# One of those sleep-goggle things?? (mask?)



## IanT (Oct 17, 2010)

lol I dont even know what to call them but I want to make one...

Ive been one of those people that have to sleep with a pillow over my head to block out all light... but its getting annoying and i thought about making one of those sleep-goggle (i know thats not what theyre called ...maybe an eye pillow?) things you wear over your eyes that block the light out....

Id love to fill it with lavender and chamomile and maybe put in either the freezer or microwave for a few seconds to cool/warm it depending on my mood.... anyone ever made one of these or know where to find a sewing schematic for making one? Im prob one of the few dudes my age that can sew stuff (thanks to sweatshop labor aka home ec. class when i was in middle school making costumes for the school plays lol)...

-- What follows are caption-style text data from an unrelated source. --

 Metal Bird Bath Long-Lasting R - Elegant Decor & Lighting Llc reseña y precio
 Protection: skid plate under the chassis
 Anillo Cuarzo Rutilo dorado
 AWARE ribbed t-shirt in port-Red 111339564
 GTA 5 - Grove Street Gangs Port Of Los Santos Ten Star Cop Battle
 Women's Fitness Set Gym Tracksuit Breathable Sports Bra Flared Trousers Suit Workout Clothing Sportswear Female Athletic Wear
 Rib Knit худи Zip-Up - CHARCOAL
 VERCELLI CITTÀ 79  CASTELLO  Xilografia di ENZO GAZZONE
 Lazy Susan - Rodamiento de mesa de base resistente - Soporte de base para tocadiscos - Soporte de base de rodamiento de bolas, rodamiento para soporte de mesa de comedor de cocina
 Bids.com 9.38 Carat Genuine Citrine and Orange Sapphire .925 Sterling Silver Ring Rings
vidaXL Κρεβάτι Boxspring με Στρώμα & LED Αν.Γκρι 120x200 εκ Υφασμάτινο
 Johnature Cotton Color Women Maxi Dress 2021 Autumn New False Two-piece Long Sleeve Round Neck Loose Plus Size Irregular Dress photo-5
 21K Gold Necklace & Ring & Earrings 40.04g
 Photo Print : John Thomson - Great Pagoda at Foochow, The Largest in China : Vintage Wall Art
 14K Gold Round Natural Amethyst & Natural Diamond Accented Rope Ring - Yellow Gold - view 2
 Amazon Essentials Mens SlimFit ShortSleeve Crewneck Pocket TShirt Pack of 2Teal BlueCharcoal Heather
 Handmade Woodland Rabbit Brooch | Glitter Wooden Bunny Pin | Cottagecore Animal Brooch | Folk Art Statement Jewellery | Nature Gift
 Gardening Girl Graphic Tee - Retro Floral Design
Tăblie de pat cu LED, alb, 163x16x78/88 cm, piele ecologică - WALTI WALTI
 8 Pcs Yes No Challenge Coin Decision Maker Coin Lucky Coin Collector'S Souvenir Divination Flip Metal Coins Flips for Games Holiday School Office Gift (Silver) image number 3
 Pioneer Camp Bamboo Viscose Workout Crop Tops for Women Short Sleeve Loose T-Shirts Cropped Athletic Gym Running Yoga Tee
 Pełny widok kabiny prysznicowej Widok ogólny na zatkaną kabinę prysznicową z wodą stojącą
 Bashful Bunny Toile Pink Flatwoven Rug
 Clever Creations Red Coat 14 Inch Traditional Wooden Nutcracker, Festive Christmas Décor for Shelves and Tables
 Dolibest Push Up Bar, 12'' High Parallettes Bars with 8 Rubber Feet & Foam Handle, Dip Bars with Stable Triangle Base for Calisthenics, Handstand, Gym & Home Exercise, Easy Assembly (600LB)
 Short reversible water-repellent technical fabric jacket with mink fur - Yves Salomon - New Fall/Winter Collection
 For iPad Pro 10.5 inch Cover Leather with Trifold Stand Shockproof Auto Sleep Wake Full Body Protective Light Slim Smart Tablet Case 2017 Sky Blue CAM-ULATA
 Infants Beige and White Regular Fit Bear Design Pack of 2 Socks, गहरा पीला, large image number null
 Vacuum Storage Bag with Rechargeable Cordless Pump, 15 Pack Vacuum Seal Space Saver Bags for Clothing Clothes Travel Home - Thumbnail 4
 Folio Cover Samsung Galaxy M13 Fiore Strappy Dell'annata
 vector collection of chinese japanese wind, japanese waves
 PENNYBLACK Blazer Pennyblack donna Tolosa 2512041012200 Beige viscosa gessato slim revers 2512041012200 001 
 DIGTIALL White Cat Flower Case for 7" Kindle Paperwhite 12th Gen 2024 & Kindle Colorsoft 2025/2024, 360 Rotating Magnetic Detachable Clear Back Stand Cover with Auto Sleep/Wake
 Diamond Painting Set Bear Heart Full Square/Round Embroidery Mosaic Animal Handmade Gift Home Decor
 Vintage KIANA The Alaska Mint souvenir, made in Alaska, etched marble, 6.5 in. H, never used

and also if I were to add herbs to it, do you add just herbs or do you add other stuff for stuffing? Ive had a huge hard pillow-like thing before that you would wet a bit and put in the micro and it had lavender in it, not sure of the composition like if it had any other fillers or just the herb , but i loved that thing til my gf of the time stole it (BAH!)


sooooo can ya help a dude out?!?! or at least tell me what theyre called so i can look up some plans to make one!?!?! lol


----------



## Deda (Oct 17, 2010)

My stepwitch made me one filled with buckwheat, I can put in the microwave or the freezer.  Try searching buckwheat eye pillow.


----------



## IanT (Oct 17, 2010)

stepwitch lol... 

buckwheat eye pillow..ahaaaaaa lol...

 thanks for the pointer ! off to google


----------



## BakingNana (Oct 17, 2010)

Rice works, too, if whole buckwheat is hard to find where you live.  Unless you think the grains would be too heavy for an eye mask.  I use rice in my neck and shoulder warmers.


----------



## IanT (Oct 18, 2010)

BakingNana said:
			
		

> Rice works, too, if whole buckwheat is hard to find where you live.  Unless you think the grains would be too heavy for an eye mask.  I use rice in my neck and shoulder warmers.



thats an excellent (and wayyyyy cheaper idea!!) cuz buckwheat around here is only found at wholefoods which is expensive as anything!!

thanks for the tip!


----------



## nattynoo (Oct 18, 2010)

Yes just wheat or rice.....you may as well a bigger one whilst your there for putting on your neck or warming the bed on a cold night....
I have some that I stuff into animal shaped covers for the kids to take to bed in winter. They love them.


----------



## krissy (Oct 18, 2010)

corn also works great. it holds the heat and cold longer than rice since it is bigger...


----------



## Sunny (Oct 18, 2010)

I would make a regular one, not filled with anything for sleeping.. and maybe one filled with lavender buds / scented for a relaxing one. You don't want anything too heavy resting on your eyes overnight, it can blur your vision (temporarily, but still annoying). 

Easy to make, especially by hand, just cut out a circular or figure 8 ish shape and sew in some elastic for the head band!


----------



## dagmar88 (Oct 19, 2010)

isn't that called a mindfold?


----------



## Sunny (Oct 21, 2010)

I call it a sleep mask? I don't know!


----------



## IanT (Oct 22, 2010)

lol i think they all work... been doing some searching and found some templates... now to my next task of finding a (cheap) but good sewing machine... then I want to go to the local quilt place, or find people online to donate scraps of stuff from quilts or other textile projects... i figure itd be fun to turn things people dont want into something thats relaxing... and I could possibly sell them to my massage clients for use as an herbal hot/cold compress..

I could make them in all sizes and shapes from what I see, thatd be kinda cool... imagine a lavender shoulder shaped cold/hot compress (i see them in massagewarehouse magazine all the time but not with herbs, just with that gooey stuff that works well in the freezer or a hydrocolator)


----------



## Sunny (Oct 22, 2010)

I have one with herbs (and I'm sure, FO, etc) in it, actually I got a set of five of them about four years ago. They all still smell.


----------



## pixybratt (Oct 29, 2010)

ok I may be late posting this but, I've made some nice ones with herbs and oats cause the oats are light weight (if you are just using it to block light and help you fall asleep) chamomile is one of my favorites to put in it and lavender.


----------



## IanT (Oct 31, 2010)

heyy!! def not too late!!! ... any advice you could give me would be awesome! do you make your own templates or do you just use them from somewhere online? what kind of stitches do you use?... send me a pm! would love some tips from you!... right now i just sleep with my whole extra pillow sandwiched over my head... kinda bulky! and does not block out all the light, which im reaaally sensitive to for some reason lol ...


----------